---- SOURCE MATERIAL

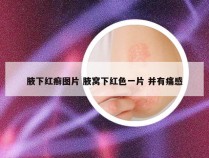 腋下红癣图片 腋窝下红色一片 并有痛感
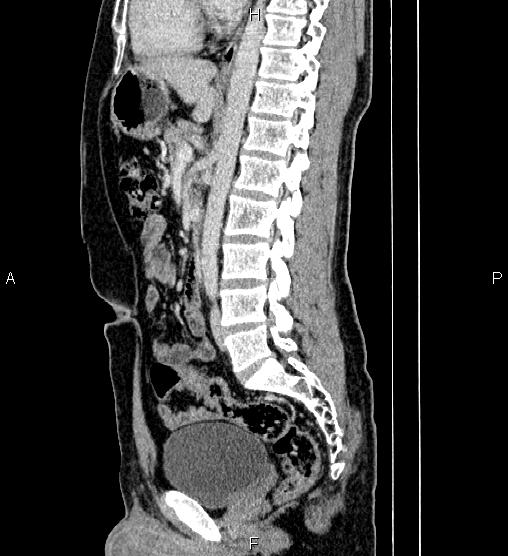 Adrenal myelolipoma (Radiopaedia 87794-104246 Sagittal renal cortical phase 51).jpg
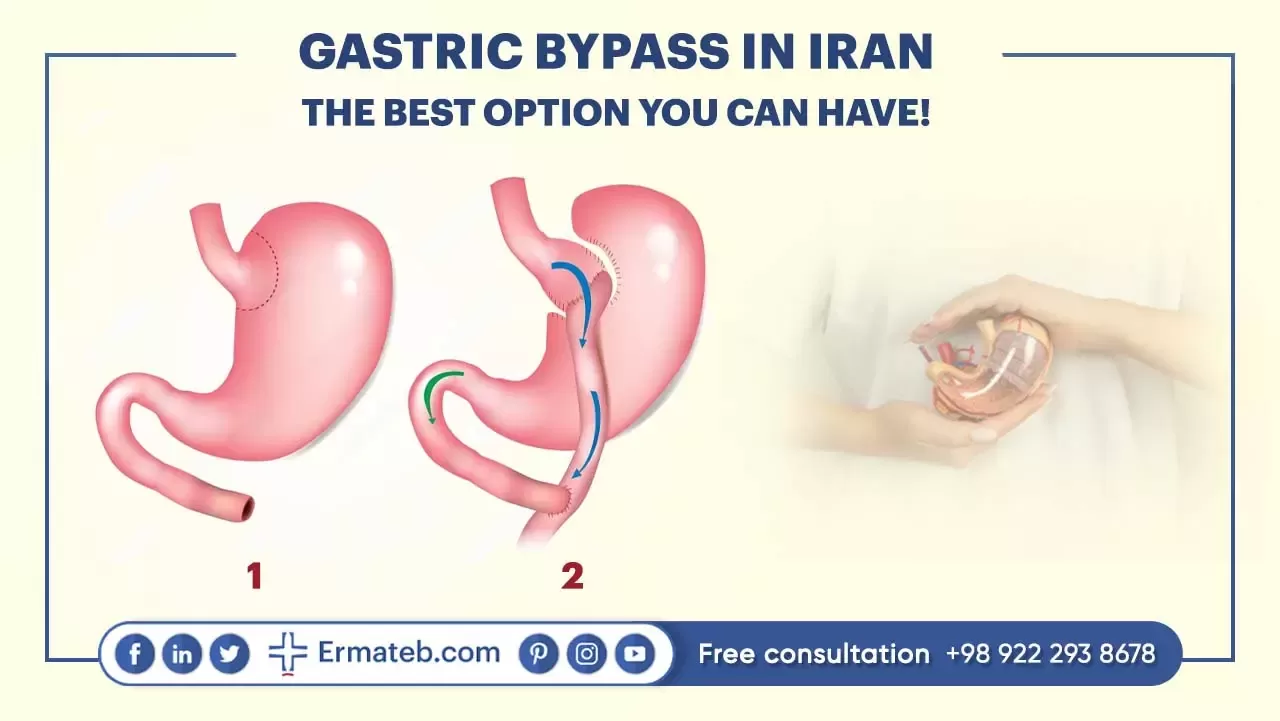GASTRIC BYPASS IN IRAN THE BEST OPTION YOU CAN HAVE!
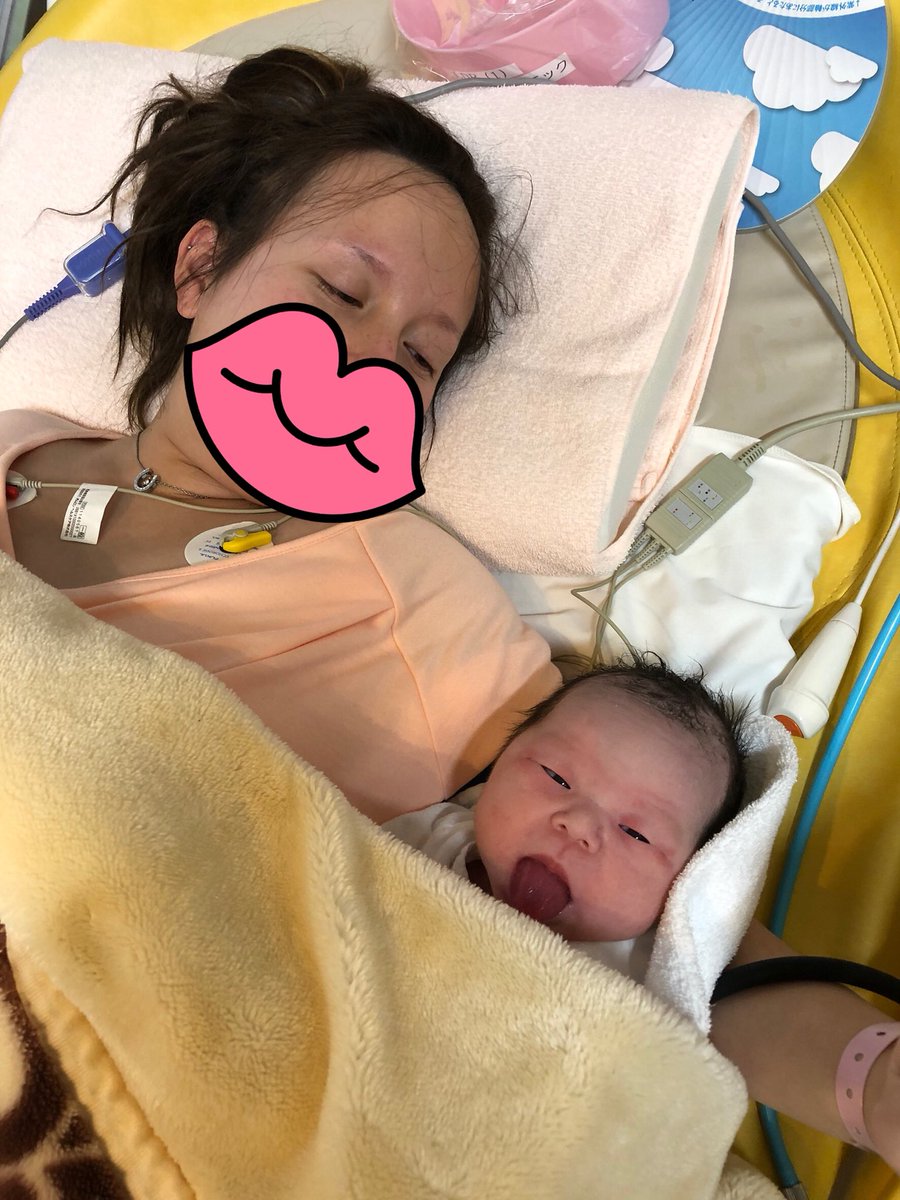 xeww1's tweet photo. 🗣出産報告🗣

🗓 : 2018 / 1 / 28
⏰ : AM 10 : 33
⚖️ : 3072 g
🚻 : 女の子

予定日を大幅に１週間過ぎ、
30時間越えの陣痛に耐えて生まれて来てくれました。

葛西 遼香(りょうか)です👶🏻🎀

側に居続けてくれた一希君、
なにより五体満足で出てきてくれた遼香。

ママにしてくれてありがとう。 https://t.co/KGk3DjyObE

--------

TASK STATEMENT:
Your task is to write out the lines from the one with "予定日を大幅に１週間過ぎ、" through the end of the records, exactly and with nothing added.

SOLUTION TO THIS PROBLEM:
予定日を大幅に１週間過ぎ、
30時間越えの陣痛に耐えて生まれて来てくれました。

葛西 遼香(りょうか)です👶🏻🎀

側に居続けてくれた一希君、
なにより五体満足で出てきてくれた遼香。

ママにしてくれてありがとう。 https://t.co/KGk3DjyObE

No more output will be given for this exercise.